The dollar costs alone — just for a U.S. transformation — are almost incomprehensible.
Science and policy analyst David Wojick calculated that just the batteries needed to back up wind and solar electricity generation in a “net zero” USA would cost $23 trillion — America’s entire 2021 gross domestic product (GDP) — and probably many times that.
Energy and technology consultant Thomas Tanton found that battery backup to replace current U.S. fossil fuel electricity — and convert vehicles, furnaces, water heaters, and stoves to electricity — would cost at least $29 trillion in initial outlays.
Trillions more would be needed to cover financing, repairs, maintenance, replacements, burying broken and worn out non-recyclable equipment, and building systems strong enough to survive hurricanes.
Professional engineer Ken Gregory determined that grid-backup battery costs could reach $290 trillion (12.6 times the USA’s 2021 GDP), based on actual 2019 and 2020 hourly intermittent electricity generation data, rather than annual average data utilized in the other studies.

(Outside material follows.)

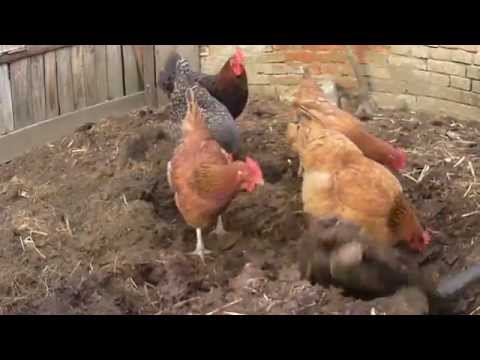 Permakultura z pomocą zwierząt - samowystarczalność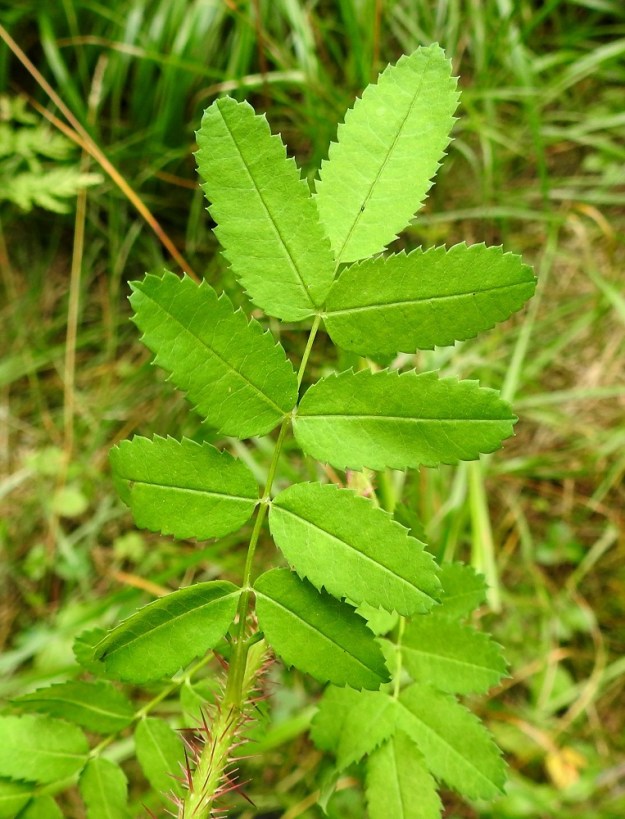 Rosa spinosissima 'Plena' - juhannusruusun lehdykät ovat lähinnä pyöreähköt, pitkänpyöreät tai soikeat ja kertaalleen sahalaitaiset. Hammastus jatkuu lähes tyveen saakka tai tyviosa on hampaaton. Hampaat ovat teräväkärkiset. Lehdykän yläpuoli on vihreä tai vanhemmiten sinertävänvihreä. 15.8.2024. Copyright Hannu Kämäräinen.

None of these estimates includes the costs of turbines, panels, transmission lines, or transformers.Energy analyst Francis Menton estimated that New York’s plan to procure 24,000 megawatt-hours of battery storage would provide only 0.2% of what the state would actually need as backup. But even that would require 300,000 Tesla Long Range 80-kilowatt-hour battery modules — before New York mandates electric automobiles and home heating and cooking systems.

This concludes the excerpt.